Court: Michigan Court of Appeals ( Unpublished Opinion )
Applicability of MCL 750.479c(2);”Serious misdemeanor” defined; MCL 780.811(1)(a)(xiv); MCL 750.479c(5)(c); Sufficiency of the evidence to support a conviction for lying to a police officer during a police investigation; MCL 750.479c(1)(b); Statutory interpretation; People v. Thomas; People v. Borchard-Ruhland; People v. Flick; “Inform” defined; Right against self-incrimination; Miranda v. Arizona; Custodial interrogation; People v. Steele; Roadside questioning; People v. Burton; Plain error review; People v. Carines; Ineffective assistance of counsel; Prejudice; People v. Gioglio (On Remand); Operating while intoxicated (OWI); Driving while license suspended (DWLS)

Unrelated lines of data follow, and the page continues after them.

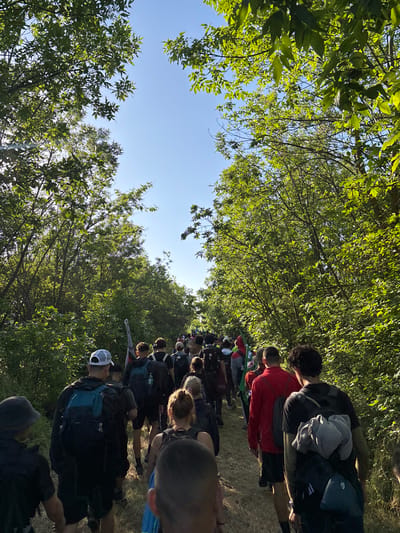 A group of people is walking on a path surrounded by trees. The scene is shot from a low angle, looking up at the trees and sky. Most of the people are wearing backpacks. The location is Lipnitsa, Bulgaria.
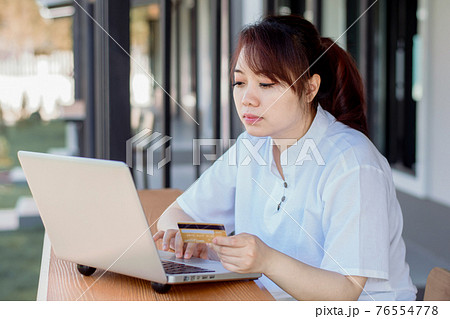 Online Payment . Asian woman holding credit card and using laptop with online shopping. Home shopping Online Payment . Asian woman holding credit card and using laptop with online shopping. Home shopping 76554778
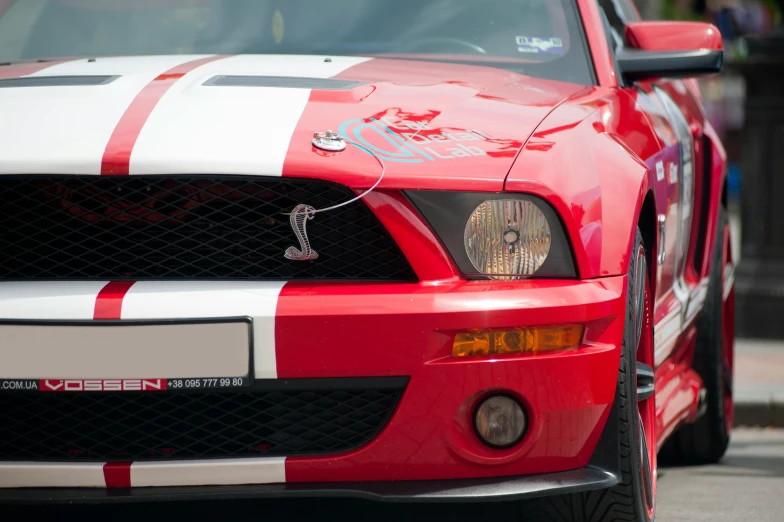 a red and white mustang parked on the side of the road, pexels contest winner, red facial stripe, on a street race track, close - up photo, taken in the late 2010s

Holding that there was insufficient evidence to support defendant’s conviction for lying to an officer (H) during an investigation because there was no evidence H informed him that he was being investigated for OWI, the court vacated his conviction under MCL 750.479c(2)(c). However, it affirmed his OWI, third offense and DWLS convictions, concluding that while he was arguably subjected to a custodial interrogation, there was no reasonable probability the trial’s outcome would have been different had his statements been suppressed. As to his argument that he could not be convicted under MCL 750.479c, it found that he improperly conflated the elements of the crime, set forth in MCL 750.479c(1), with the penalty for committing it, set forth in MCL 750.479c(2). He was “not immune to prosecution under MCL 750.479 simply because, at the time he was investigated,” H did not necessarily know what crime defendant “would eventually be charged with committing.” However, the court agreed with his claim that there was insufficient evidence to support his conviction of lying to an officer during a police investigation. He contended he was never informed by H that H was conducting a criminal investigation. As the statute does not define “inform,” the court consulted a dictionary, and held that, “under the plain language of the statute, in order to satisfy the first element, a police officer must communicate to the defendant that he or she is conducting a criminal investigation. Moreover, because only false or misleading statements regarding ‘that investigation,’ are prohibited under MCL 750.479c(1)(c), the officer must specifically tell the defendant what crime the officer is investigating.” The court rejected the prosecution’s argument that this element was met because defendant was aware H was investigating him for OWI. The statute “expressly requires that the person be informed by the police officer that the officer is conducting a criminal investigation into a specific matter.” There was no evidence H actually informed him that he was investigating whether he was operating under the influence.